Kinney's Diary of a Wimpy Kid: Hard Luck shifted 82,999 units through Nielsen BookScan, in one week selling more than a 10th of Puffin's 800,000 print run. It is the biggest weekly sales total for a kid's title since Kinney's own Diary Of a Wimpy Kid: The Third Wheel, which sold just over 91,000 copies in the third week of November 2012. Last week's haul brings Kinney's all-time UK sales for the eight Wimpy Kid books to just over 6 million units, for £33.4m.
Kinney displaces Ferguson, ending a run of two weeks at the summit for the former Manchester United boss. Still, My Autobiography's (Hodder) 73,572 unit sales were incredibly strong. Though it failed to hit the 100,000 mark for the third straight week, Fergie's memoir still chalked up the third best hardback non-fiction weekly sale of 2013, a healthy 37,000 units better than the next biggest weekly total, the 34,838 copies Jamie Oliver's Save with Jamie (Michael Joseph) sold in early September.
David Walliams also had a streak broken by Kinney, with Demon Dentist (HaperCollins) getting bumped to number two after six straight weeks as Children's number one. Yet, Walliams also saw his newest—The Slightly Annoying Elephant (HarperCollins)—hit the overall Top 50, at number 34 on sales of just under 6,400 units.

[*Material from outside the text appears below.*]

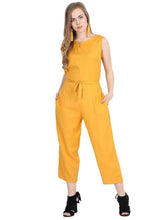 Load image into Gallery viewer, Yellow Rayon Dyed Regular Wear Jump Suit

In the last year, Kinney and Walliams have owned the children's chart, combining to grab the number one spot an incredible 42 of 52 weeks.
Terry Pratchett's 40th Discworld novel, Raising Steam (Doubleday), is the second highest debut of the week, selling 36,088 units, good enough for third place. The 39th Discworld book, Snuff, sold just under 55,000 copies in its first week in October 2011.

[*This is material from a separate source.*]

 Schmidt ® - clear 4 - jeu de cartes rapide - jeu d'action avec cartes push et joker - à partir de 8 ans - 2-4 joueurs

In a strong week for Original Fiction, Ian Rankin's Saints of the Shadow Bible (Orion), James Patterson's Cross My Heart (Century) and Cecelia Ahern's How to Fall in Love (HarperCollins), also hit the Top 50. Patterson's Merry Christmas, Alex Cross (Arrow), was another Top 50 entrant in its first week of sales, and topped the Mass Market Fiction chart with 18,697 units sold.
Overall, just over £30.5m was sold through Nielsen BookScan last week, a slight edge (+0.6%) on the previous week, but 3% down on the same week in 2012.